Your assignment: Your answer should be the full data, transcribed exactly, with no pictures in it.

Data segment:

▼

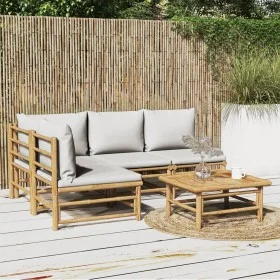 5-piece garden furniture set made of bamboo with light gray cushions by vidaXL, Garden sets - Ref: Foro24-3155106, Price: 485...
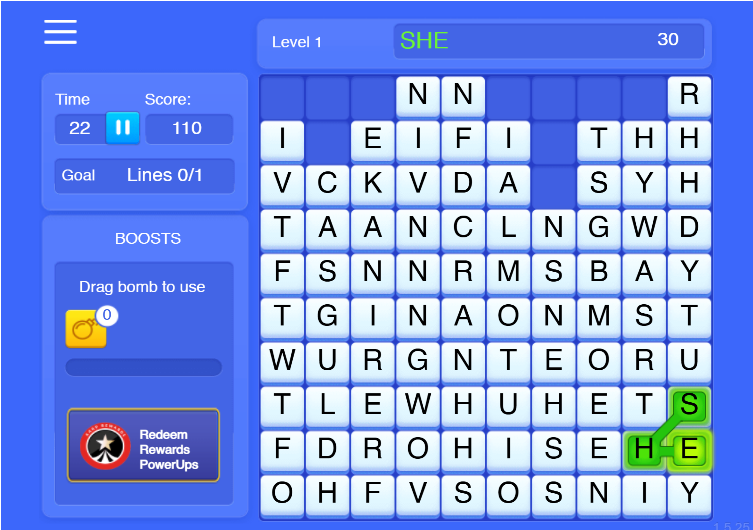 Showing seleted letters to complete the correct word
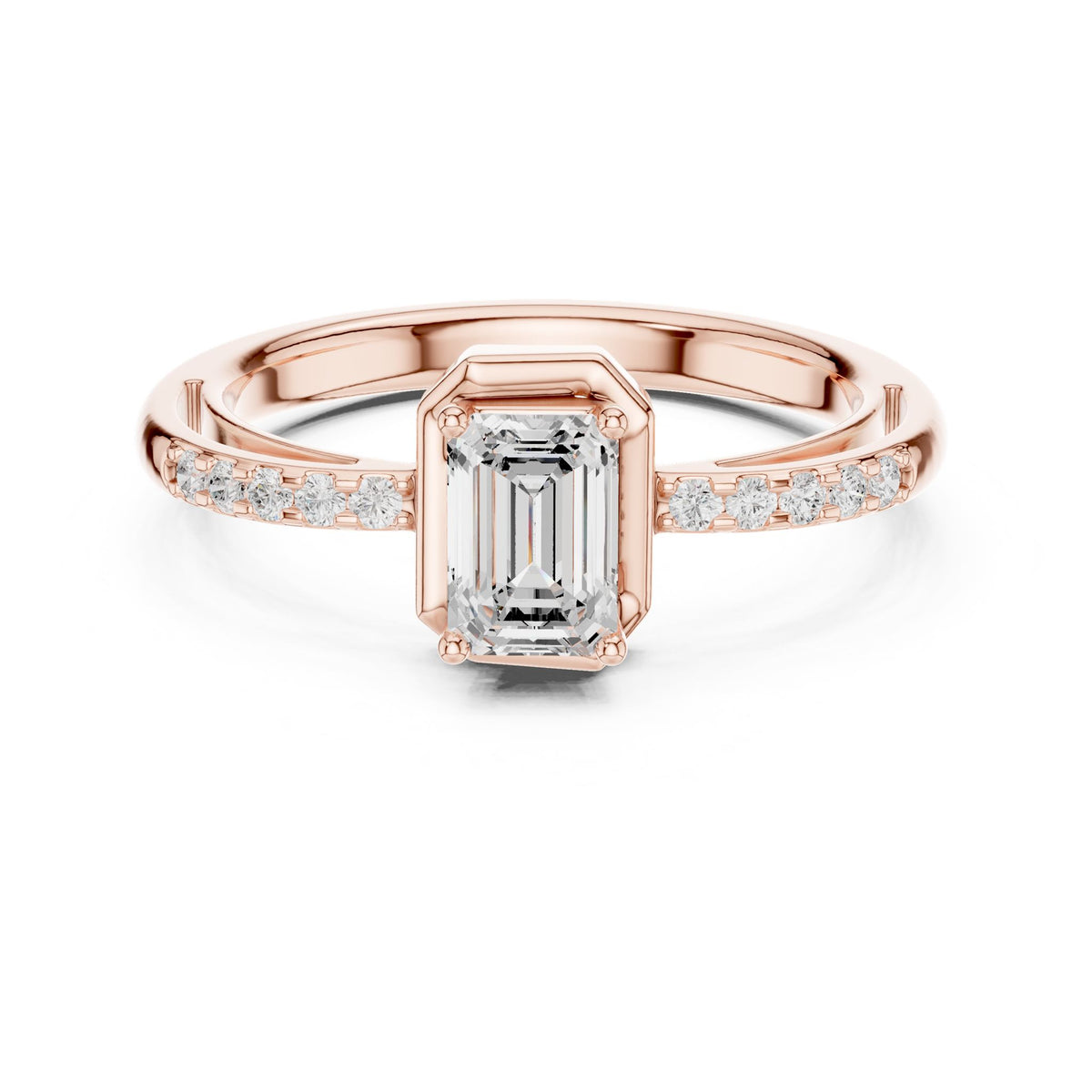 Emerald Accented Lab Grown Diamond Engagement Ring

▲

Result of this task:
 5-piece garden furniture set made of bamboo with light gray cushions by vidaXL, Garden sets - Ref: Foro24-3155106, Price: 485...
 Showing seleted letters to complete the correct word
 Emerald Accented Lab Grown Diamond Engagement Ring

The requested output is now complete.